Finally, there is the issue of freedom of speech. What the television images did not show us is as important as what they did. No images of dissent were allowed that day. We saw no banners protesting the president’s decision to invade Iraq that would counter the visuals of unanimous support for the president’s policies. And had a flotilla of protesters appeared on the scene that morning, we can be sure they would have been quickly escorted far out of camera range by military authorities on grounds of national security. Freedom of speech is not only a basic individual constitutional right; it is also an important part of our structure of checks and balances. We have to wonder how well our system of free expression is working when only one side of a debate is able to make itself heard.

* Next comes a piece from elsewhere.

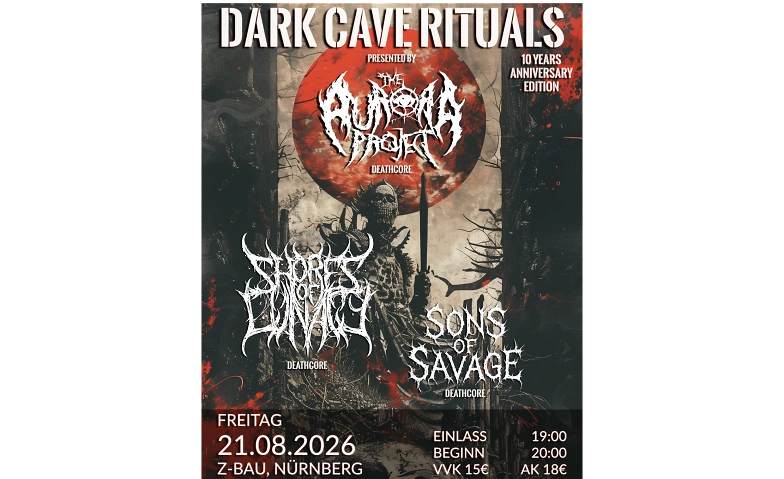 Dark Cave Rituals Vol. 2 - 10 Years Anniversary Edition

Perhaps it would be helpful if I provided a short preview of my argument. Chapter 1 introduces the National Security Presidency. This conservative vision claims extraordinary powers for the president in the area of national security, not only the right of the president to act without congressional authorization but even the right to ignore congressional legislation and individual constitutional rights when he feels they impede his programs. The National Security Presidency has never been endorsed by the Supreme Court. It is still a constitutional challenger. In fact, the current majority has rejected its most extreme claim that the president can ignore limits imposed by Congress.2 But the Supreme Court has not rejected another controversial presidential claim: authority to initiate combat without congressional authorization. And the refusal by lower courts to hear many cases has permitted the National Security Presidency to become the de facto Constitution over a large range of governmental activities.

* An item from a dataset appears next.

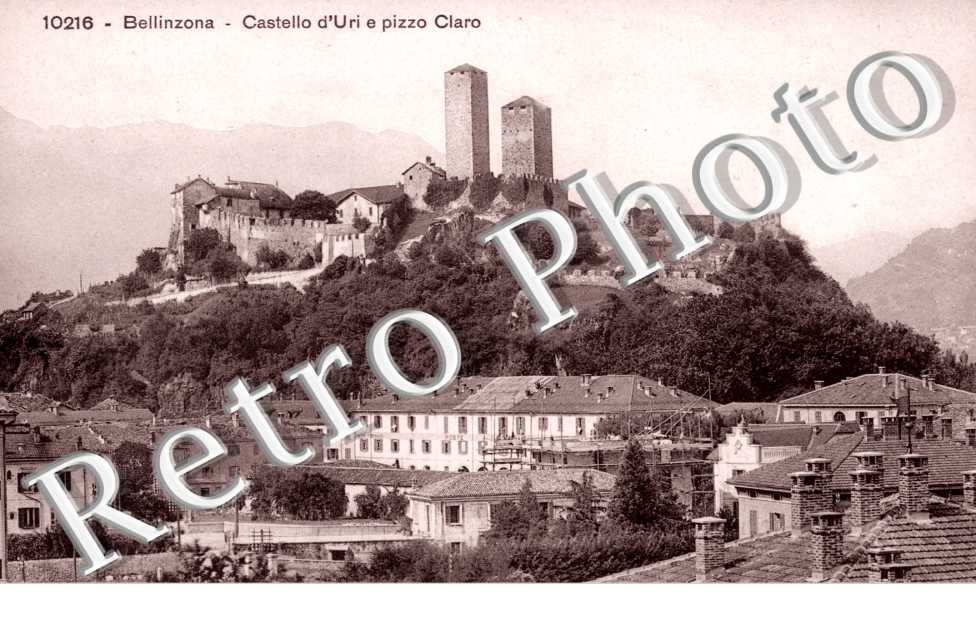 Castello d&#039;Uri e pizzo Claro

Chapter 2 studies the threat to democratic government created by the power of presidential speech. While it is obvious that the president has a right to communicate his views on both domestic and foreign policy issues, the modern presidency goes well beyond merely making its views known. The “Mission Accomplished” production is just one example of a much larger and more long-standing practice of modern American presidents: using large amounts of government resources to craft extremely sophisticated media campaigns to mobilize support for their policies. Not only do these media blitzes appeal more to emotion than to reason, but many recent American presidents have even felt entitled to mislead the American people in order to attain their national security goals. The crucial constitutional question is not whether the president can speak, but whether Congress can and should use its authority to limit such propaganda efforts where they undermine democratic debate.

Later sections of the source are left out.